Data section:

# # # # # # #

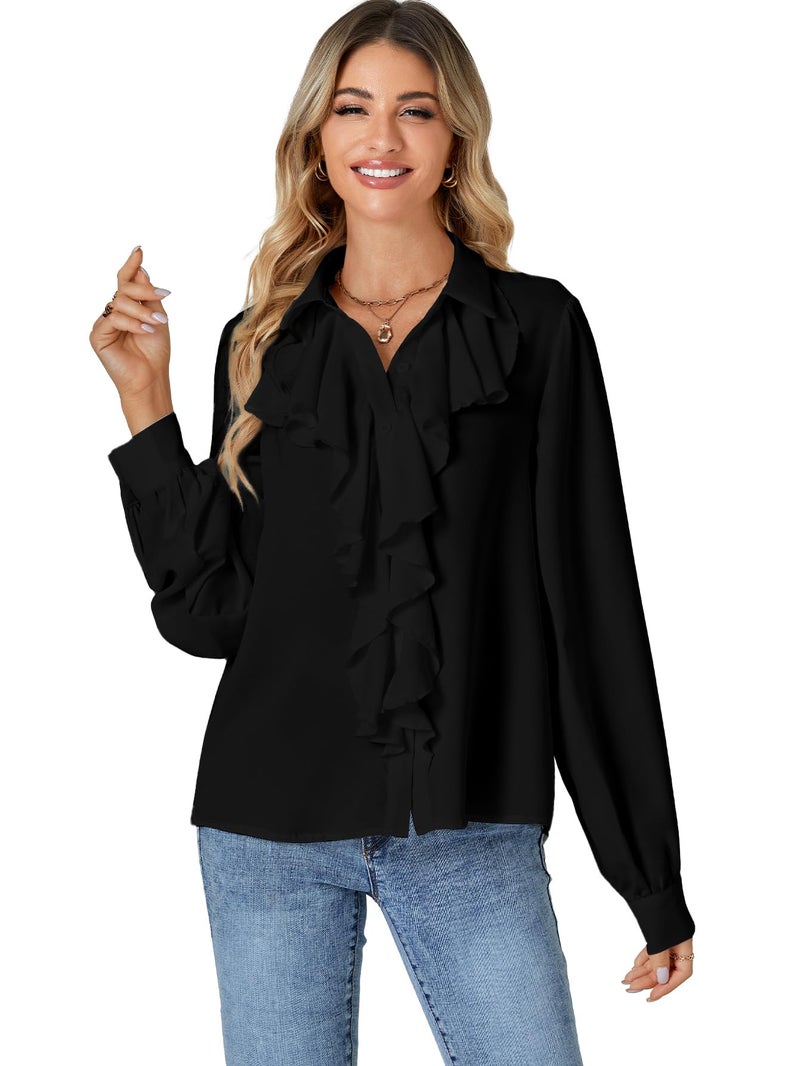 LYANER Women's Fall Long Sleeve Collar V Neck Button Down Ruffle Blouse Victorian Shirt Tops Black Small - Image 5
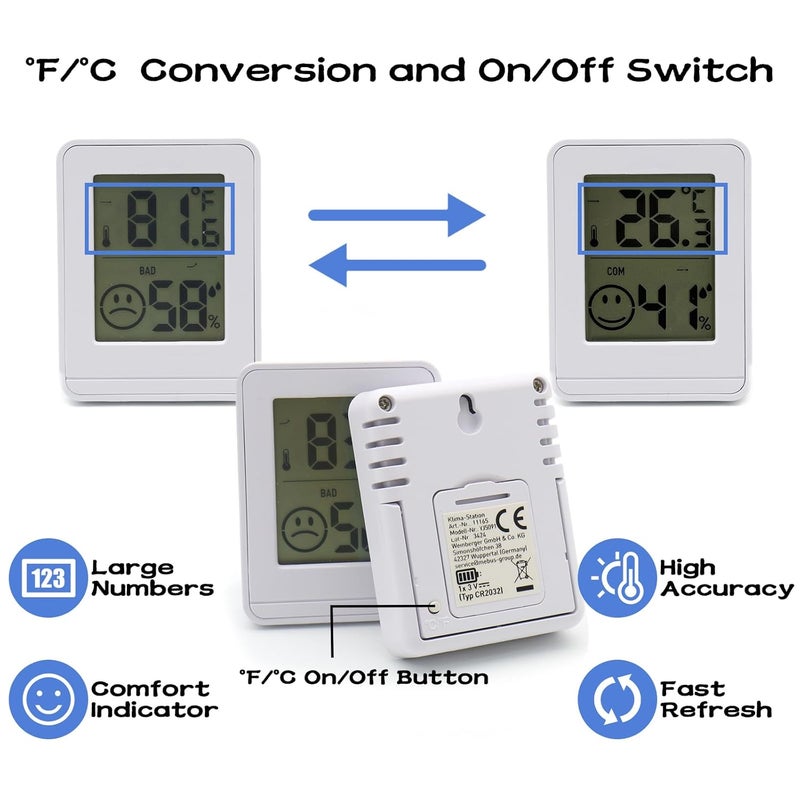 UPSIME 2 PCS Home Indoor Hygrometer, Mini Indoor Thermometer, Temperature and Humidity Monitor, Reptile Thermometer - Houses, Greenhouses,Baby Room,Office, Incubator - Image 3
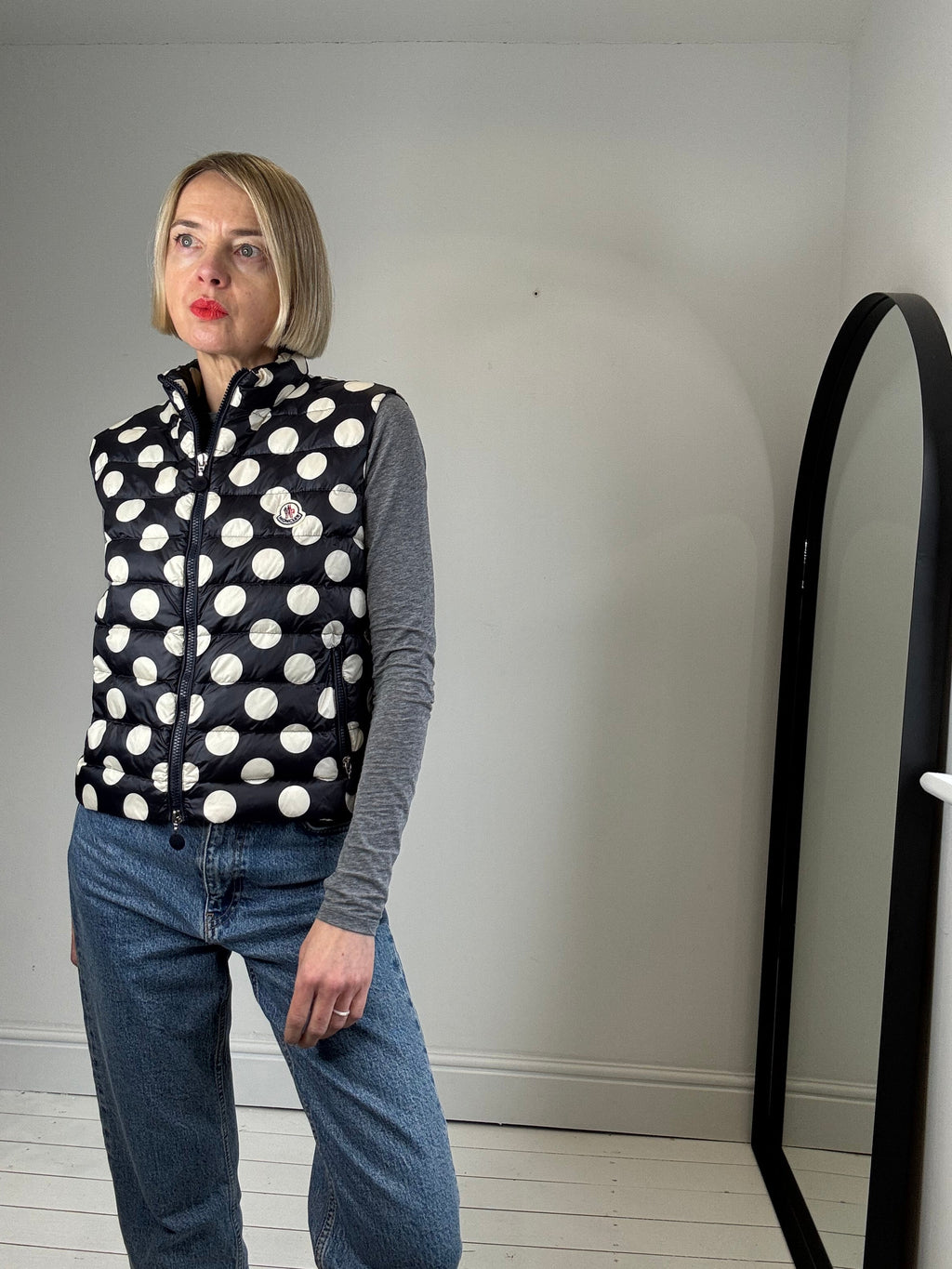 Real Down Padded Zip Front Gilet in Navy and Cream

# # # # # # #

Task brief: Write out exactly the lines from the one that contains "UPSIME 2 PCS" through the last line of the data above, both included. Leave every picture out.

Response to the exercise:
 UPSIME 2 PCS Home Indoor Hygrometer, Mini Indoor Thermometer, Temperature and Humidity Monitor, Reptile Thermometer - Houses, Greenhouses,Baby Room,Office, Incubator - Image 3
 Real Down Padded Zip Front Gilet in Navy and Cream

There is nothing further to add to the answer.